Il se présenta, à cheval, devinant que le patron allait lui demander un long voyage. Il mit pied à terre et Pirovani s’approchant lui donna dans le dos quelques tapes amicales. Il l’appelait affectueusement tantôt chileno[19] tantôt roto[20], qualificatifs ironiques qu’au Chili les gens du peuple s’attribuent à eux-mêmes.
—Ecoute bien, roto, tu vas partir au grand galop pour la station. Le train pour Buenos-Ayres passe dans deux heures; il ne faut pas que tu le manques.
Le Fraïle, ordinairement impassible et souriant, ne put réprimer un mouvement de surprise, en apprenant qu’on l’envoyait à Buenos-Ayres.
—Une fois là-bas, continua l’entrepreneur, tu remettras cette liste à don Fernando, mon représentant, que tu connais. Tu lui diras de faire les achats immédiatement, de te remettre les paquets et tu prendras le train quelques heures après. Tu as cinq jours pour aller et revenir.
Le Chilien prit un air grave en entendant ces ordres. La mission était certainement d’importance et il se sentit fier qu’on eût pensé à lui pour l’exécuter.

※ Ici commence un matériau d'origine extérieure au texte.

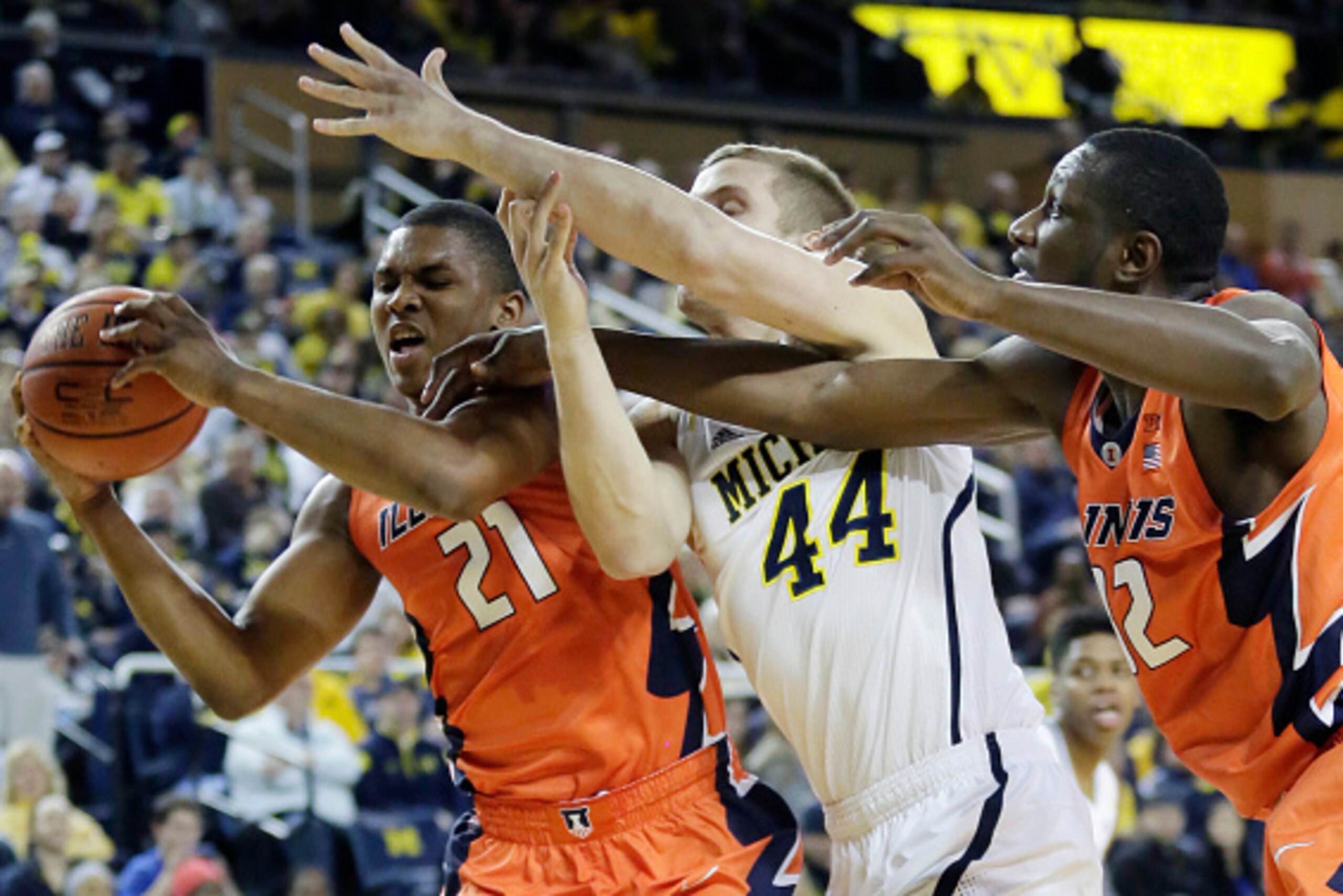 ANN ARBOR, MI - DECEMBER 30:  Malcolm Hill #21 of the Illinois Fighting Illini beats Max Bielfeldt #44 of the Michigan Wolverines to a rebound with the help of Nnanna Egwu #32 of the Illinois Fighting Illini during the first half at Crisler Arena on Decem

Pirovani lui remit une poignée de billets de banque destinés à couvrir les frais du voyage, lui dit adieu et tourna les talons, heureux comme l’est un général après avoir lancé l’ordre qui doit décider de la victoire.
Le Fraïle descendit l’escalier, tout pensif, les sourcils froncés. «C’est sans doute une demande d’outils indispensables... Peut-être aussi m’envoie-t-il chercher de l’argent.»
Pirovani était rentré chez lui; le Chilien ne se fatigua pas plus longtemps l’esprit à chercher une explication; il ouvrit l’enveloppe qu’il venait de recevoir et se mit à lire au milieu de la rue.